Freakonomics Radio
- Running time: Variable
- Syndicates: WNYC Studios (radio) Stitcher (podcast)
- Hosted by: Stephen Dubner
- Created by: Stephen Dubner and Steven Levitt
- Original release: June 1, 2009
- No. of series: 5 (as of September 2014^{[update]})
- No. of episodes: 618 (as of 22 January 2025^{[update]})
- Website: freakonomics.com

= Freakonomics Radio =

American public radio program

Freakonomics Radio is an American podcast and public radio program which covers the world through the lens of economics and social science. While the network, as of 2023, includes three programs, the primary podcast is also named Freakonomics Radio and is a spin-off of the 2005 book Freakonomics. Journalist Stephen Dubner hosts the show, with economist Steven Levitt as a regular guest as of 2015, both of whom co-wrote the book of the same name. The show is primarily distributed as a podcast, and is among the most popular on Apple Podcasts, formerly iTunes.

== History ==
Freakonomics Radio was created in September 2010. Starting in July 2018, production moved from WNYC to Stitcher Radio; Freakonomics Radio is released at 11 p.m. on Wednesday each week on podcast aggregators such as Apple Podcasts, Spotify, Google Podcasts, as well as on the Freakonomics website.

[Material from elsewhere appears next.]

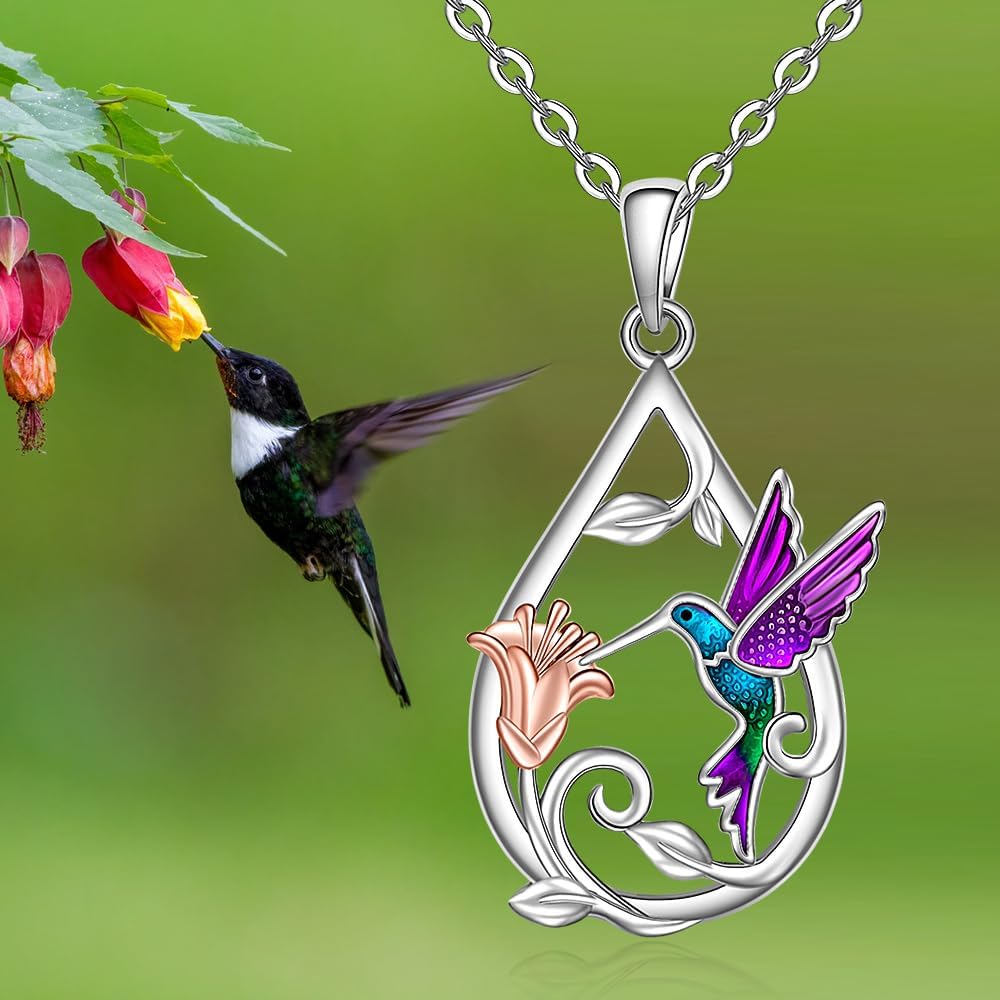 Hummingbird Necklace and Earrings Set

From November 16, 2016, until November 12, 2017, Freakonomics Radio produced episodes of “live journalism wrapped in a game show” called Tell Me Something I Don’t Know.

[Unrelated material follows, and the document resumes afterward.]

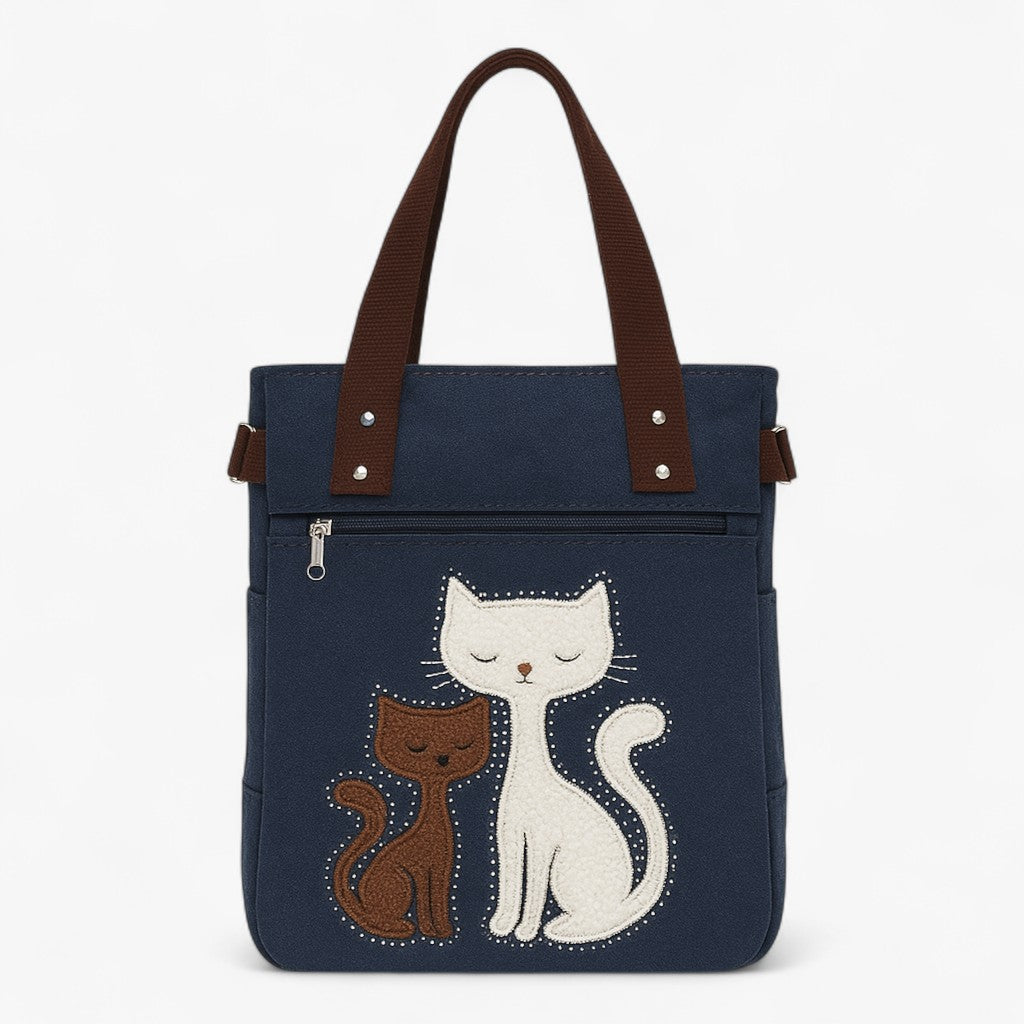 Broderet kat-taske i lærred - Blå - bags - {{ product_tags }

In November 2022, the Freakonomics podcast looked at whether Google searches were getting worse. The episode featured former Google executive Marissa Mayer.

In February 2023, Freakonomics Radio Network announced a deal with YouTube to bring its podcasts to the video platform.

== Podcasts ==
As of 2023, the Freakonomics Radio Network produces the following podcasts:
- Freakonomics Radio, with Dubner.
- People I (Mostly) Admire, with Levitt.
- The Economics of Everyday Things, with journalist Zachary Crockett.
Former programs include:
- No Stupid Questions, with Dubner and Angela Duckworth. Dubner was replaced by Mike Maughan in later episodes.
- Freakonomics, M.D. with Dr. Bapu Jena.
- Tell Me Something I Don't Know
- Sudhir Breaks the Internet, with sociologist Sudhir Venkatesh.
- Footy for Two, with Dubner and his son Solomon.
- Question of the Day, with Dubner and James Altucher.